ACTIVITY - Write out the records below exactly as they appear, skipping each picture.

DATASET CONTENT -
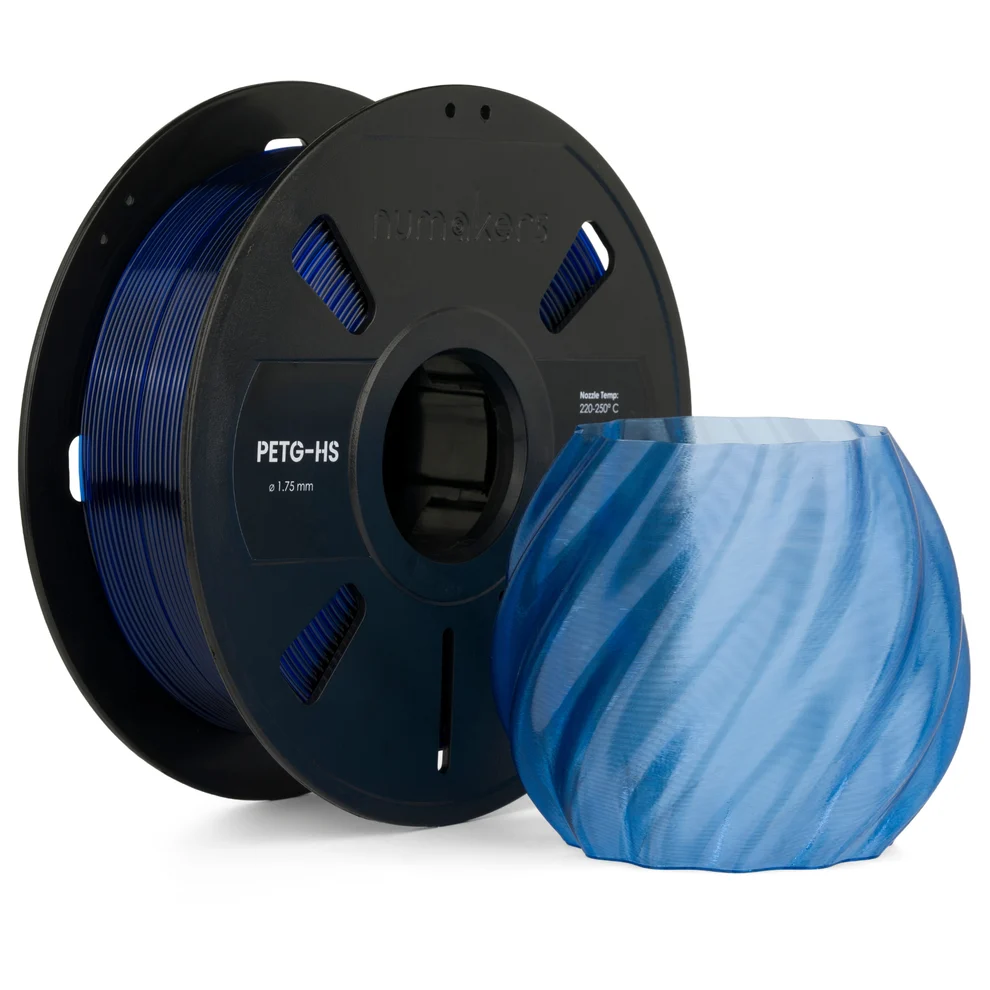 PETG Translucent Blue Filament 1.75 mm 1 kg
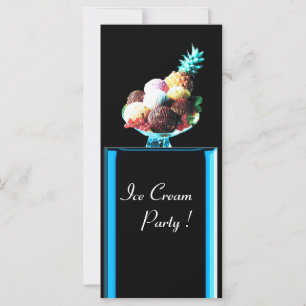 EISCREME-PARTY - WÜSTENLADEN, blau rot schwarz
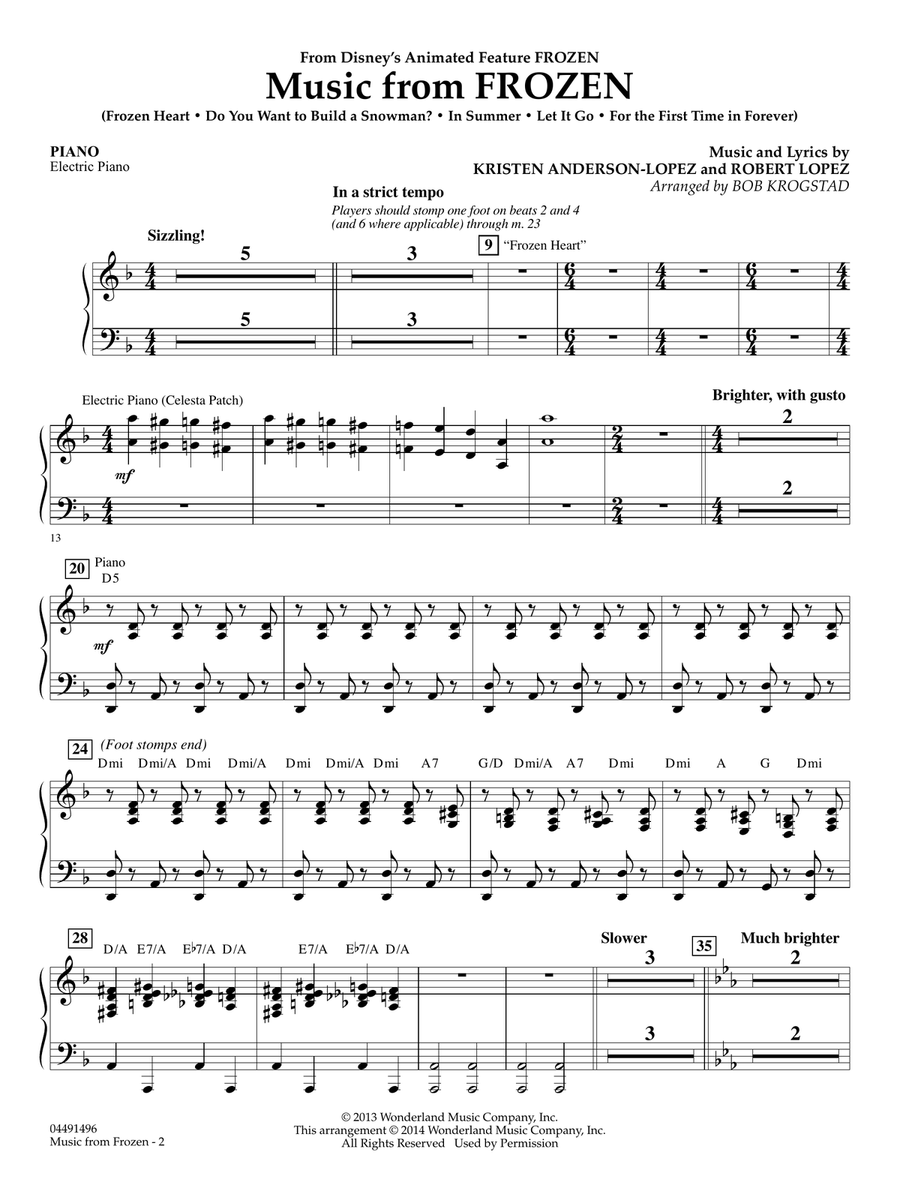 Music from Frozen (arr. Bob Krogstad) - Piano Full Orchestra scores gallery preview page 2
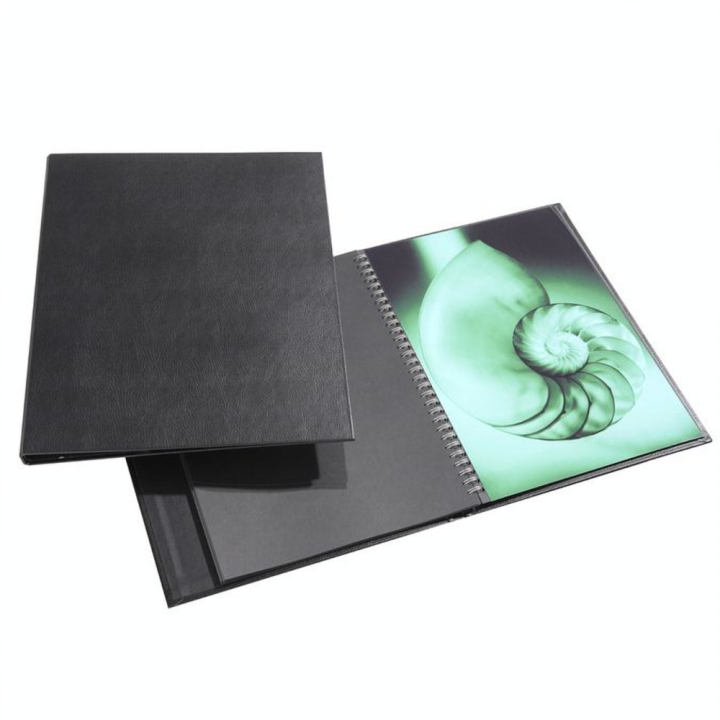 Press-book Modebook à spirales + 10 pochettes - Prat - Rougier et Plé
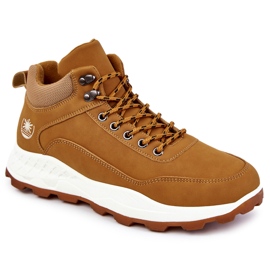 BM Pantofi de trekking calduri pentru bărbați Trappers Camel Otto maro BM Pantofi de trekking calduri pentru bărbați Trappers Camel Otto maro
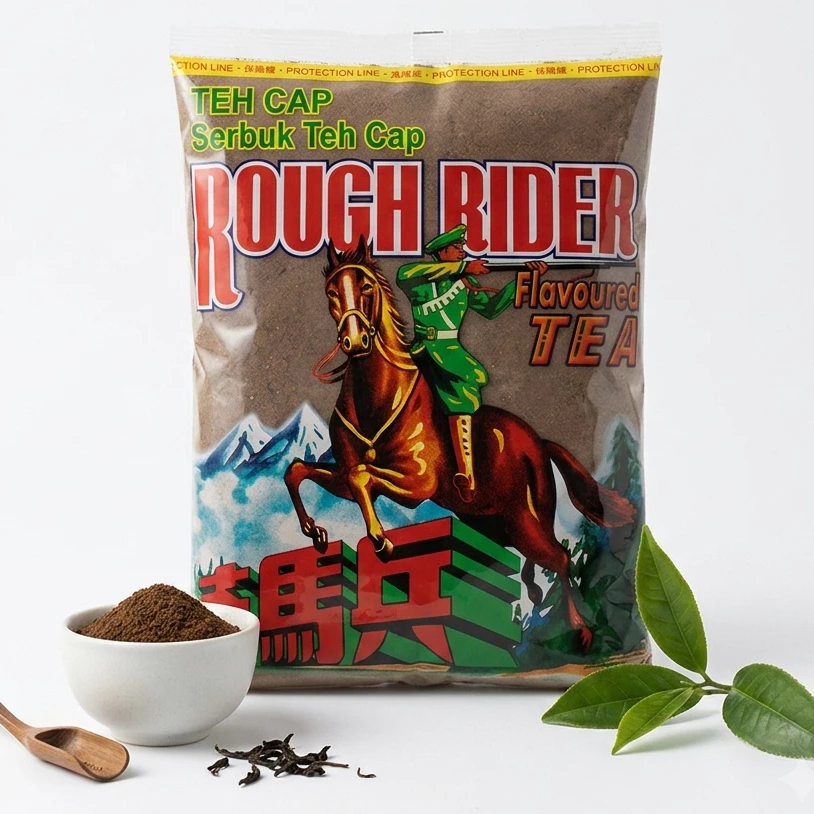 Rough Rider ชาม้าใหญ่ 🐴ชาชักใต้🍃 ชามาเลย์ 1 kg (สีเข้ม)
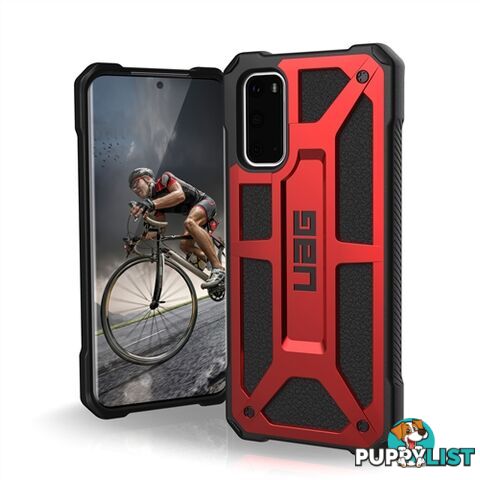 UAG Monarch Rugged & Tough Protective Case Samsung S20 6.2 inch Crimson Red - 812451033748/211971119494 - UAG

REPLY TO THE EXERCISE -
 PETG Translucent Blue Filament 1.75 mm 1 kg
 EISCREME-PARTY - WÜSTENLADEN, blau rot schwarz
 Music from Frozen (arr. Bob Krogstad) - Piano Full Orchestra scores gallery preview page 2
 Press-book Modebook à spirales + 10 pochettes - Prat - Rougier et Plé
 BM Pantofi de trekking calduri pentru bărbați Trappers Camel Otto maro BM Pantofi de trekking calduri pentru bărbați Trappers Camel Otto maro
 Rough Rider ชาม้าใหญ่ 🐴ชาชักใต้🍃 ชามาเลย์ 1 kg (สีเข้ม)
 UAG Monarch Rugged & Tough Protective Case Samsung S20 6.2 inch Crimson Red - 812451033748/211971119494 - UAG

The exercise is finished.